1) I'm scared sometimes that I'll follow in his footsteps whether I want to or not. At school I often find myself having to fast-talk my way out of things with teachers or the accounting office, and I am remarkably good at it. How do I safeguard myself against this? 

2) Why the hell didn't my mom divorce him a million years ago and save us ALL from all this bullshit? How can I get over my anger and resentment at my MOM for that? 
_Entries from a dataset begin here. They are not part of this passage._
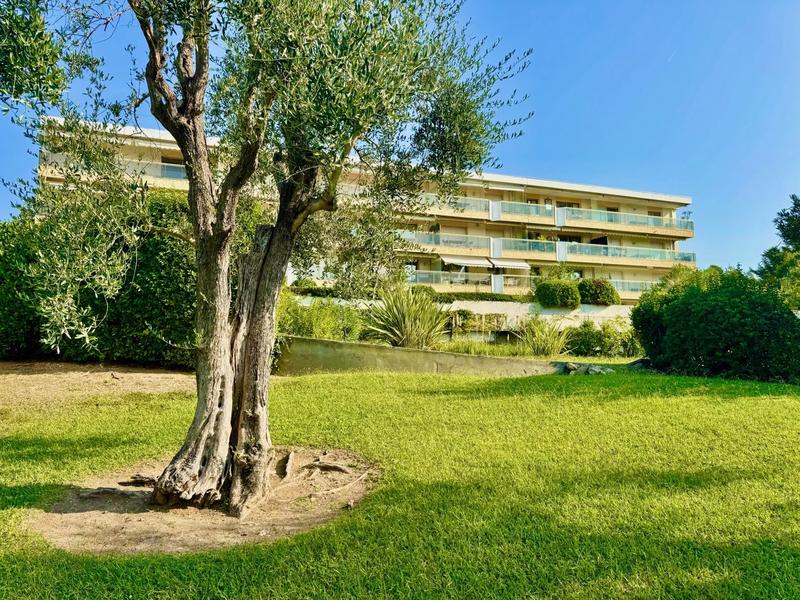 Appartement - 105 m² - 4 pièces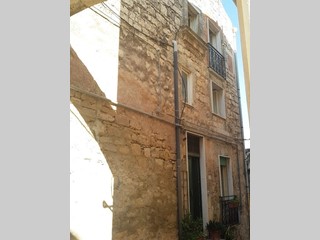 Villa in Vendita a Modica, zona MODICA ALTA, 65'000€, 120 m², arredato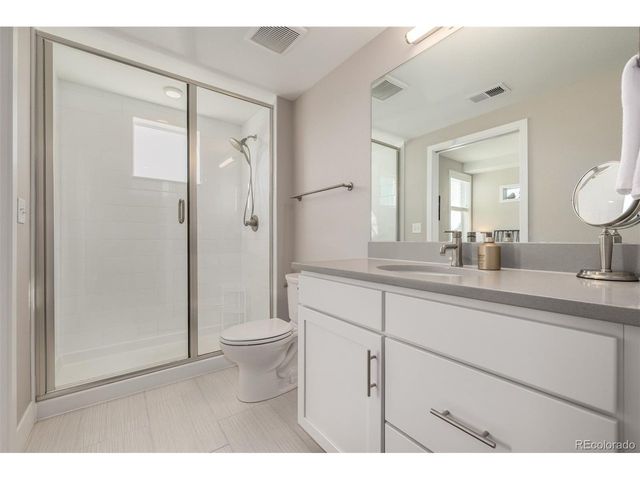 210 S Cherrywood Dr 204, Lafayette, CO 80026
3) How can I keep him the F out of my life and away from my band?

 - Not so easy money.

Dear NSEM -
Your story reads like a post-grunge "Paper Moon." I'm glad you've stood up for yourself so far and done your best to get past the family bullshit, because that is pretty much what you'll have to do. Here are my answers.

1) 
Sometimes we all have to fast-or-sweet talk teachers, administrators, bosses, clerks in the accounting office, club bookers or the various other people who stand between us and what we're trying to accomplish. For good or ill, this is a normal part of human interaction, especially in our particular culture. Try not to over-think that part of it. What you have to make sure of though, is that you are scrupulously honest with the people in your life - the real relationships that help to define who you are as a person, and when you meet new people, be sure that your first thoughts are "how can I help them?" and not "What can I get off this clown." I'm not saying you have to become a push-over or a full-time good samaritan, I'm just saying pay attention to the first thoughts you have when you're dealing with people in your life. When meeting someone new, a con-man like your dad's first thoughts would be about finding some advantage he might have over the other person - some weakness in them that he can exploit... and, to him, even positive human traits like kindness would be considered a weakness. 

2) 
Even though you didn't state your gender, I'm going to go out on a limb and assume you're a girl. Even in the most well-adjusted of families, Mother/Daughter relationships are almost always more fraught with issues of anger and resentment etc. From what you wrote, I don't think your mom was your dad's accomplice, just his enabler. Even though your dad is a lowlife, he and your mom clearly have some kind of deep connection, although a clearly unhealthy one. This isn't going to sound like a very punk-rock answer, but what you have to do is simple: Forgive her. ...and try to very gently coax her toward admitting the truth about your dad to herself, keeping in mind that that might never happen. YOU have to decide if you want a relationship with your mom, just your mom (and it sounds like you do.) That relationship, now that you're an adult, has to be about you TWO, and not about the shifty ex-con elephant in the room. If you can see yourself still loving her, then love her, and let it go at that. Don't make your dad the only topic of conversation between the two of you, in fact: make it the one-and-only topic that is off-limits if necessary.

3)
Cutting him out of your life is easy, as long as you stick to your own rules. I'm guessing it isn't possible to simply MOVE somewhere else, so instead you have to build a wall around your life and keep him out. Send all his emails to your spam file, unread. Never take his calls and if you get a call from a number you don't recognize let it go to voicemail first. If you "bump into" him somewhere unexpectedly, and he is with his latest mark, immediately say something like: "Great to see you Dad, I didn't know you were on parole" ...do that a few times and I can promise he will start avoiding you. Wouldn't that be nice? As far as the band stuff goes, make sure he has no access to your websites, twitter feeds or whatever you use to engage your fans online. Bring a photo of him to gigs and give it to the door guy, telling him there's $10 and a beer in it for him if he doesn't let the guy in the picture into the show. Two beers if he shoves him. and finally, and most punk rock of all: Write a song about the bastard. Heck, write a whole album. Put his picture on your website too - let the world know that he has nothing to do with you or your band. That would be pretty punk rock, wouldn't it? YOU have nothing to be ashamed of, he is the criminal.

I hope that helps. Do your best, and remember, if nothing else, your dad did give you one very useful gift: I bet you can spot any conman from a mile away.